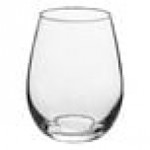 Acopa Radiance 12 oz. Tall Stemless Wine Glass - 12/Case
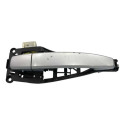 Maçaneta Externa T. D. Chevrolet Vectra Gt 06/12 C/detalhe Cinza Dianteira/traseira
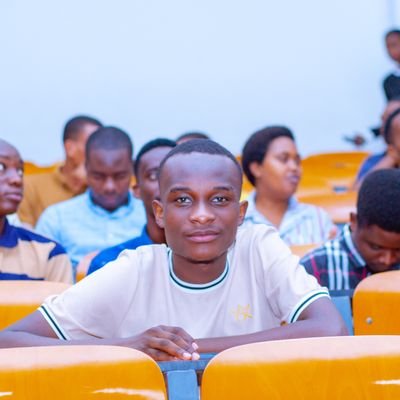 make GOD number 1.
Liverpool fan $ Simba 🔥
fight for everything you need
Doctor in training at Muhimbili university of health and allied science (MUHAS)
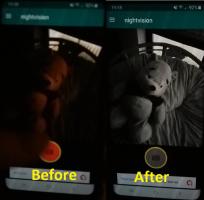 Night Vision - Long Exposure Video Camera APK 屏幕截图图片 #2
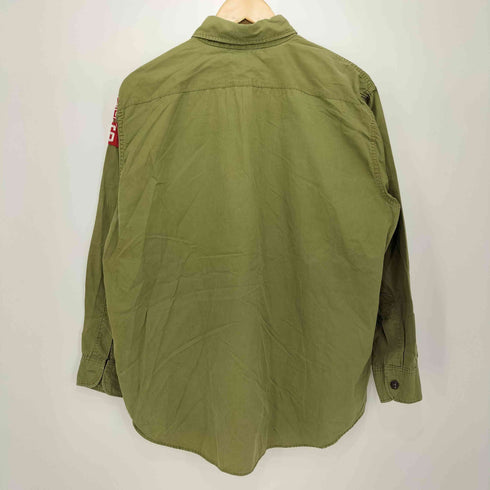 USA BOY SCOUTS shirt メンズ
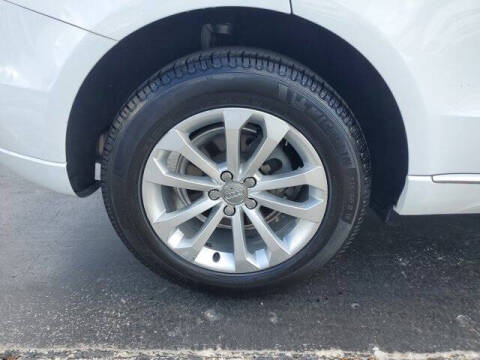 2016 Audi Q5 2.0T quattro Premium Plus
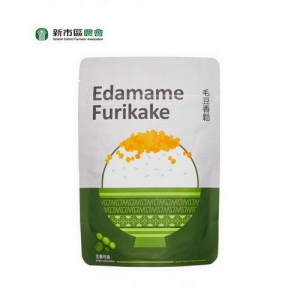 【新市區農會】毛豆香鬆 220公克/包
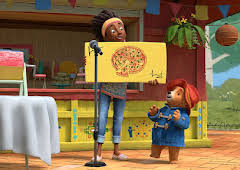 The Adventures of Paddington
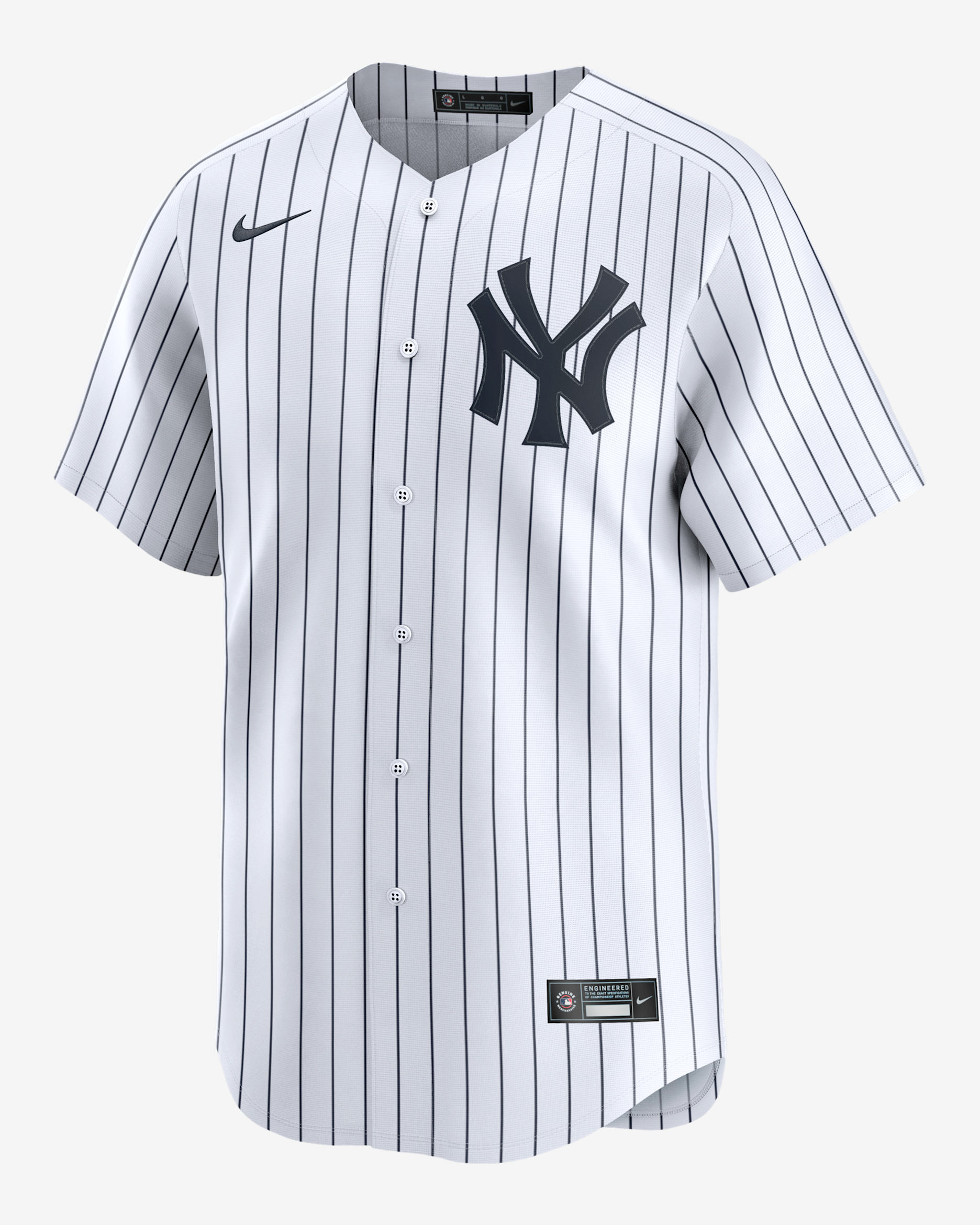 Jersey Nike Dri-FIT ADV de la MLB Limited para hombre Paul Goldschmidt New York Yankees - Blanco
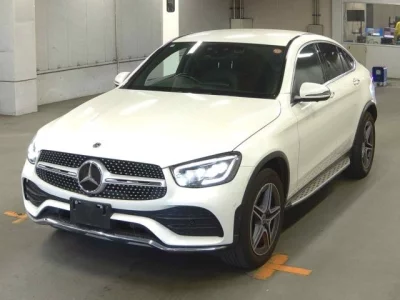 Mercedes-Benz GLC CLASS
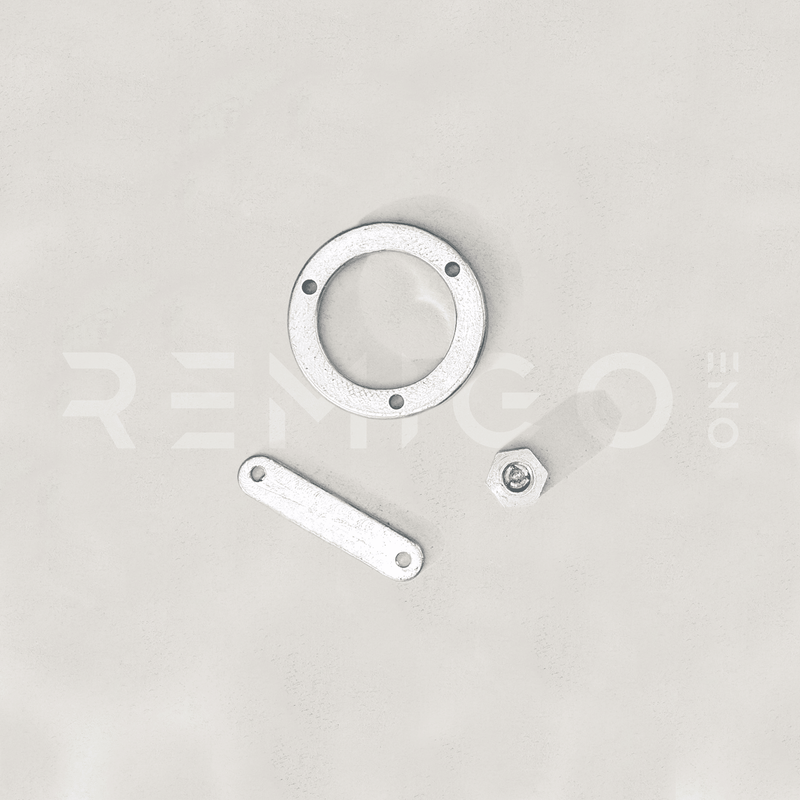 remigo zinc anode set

▶ YOUR OBJECTIVE:
What's needed is an exact copy of the lines above from the one with "make GOD number 1." through the one with "USA BOY SCOUTS shirt メンズ", both included; the pictures stay out.

▶ ANSWER TO THE EXERCISE:
 make GOD number 1.
Liverpool fan $ Simba 🔥
fight for everything you need
Doctor in training at Muhimbili university of health and allied science (MUHAS)
 Night Vision - Long Exposure Video Camera APK 屏幕截图图片 #2
 USA BOY SCOUTS shirt メンズ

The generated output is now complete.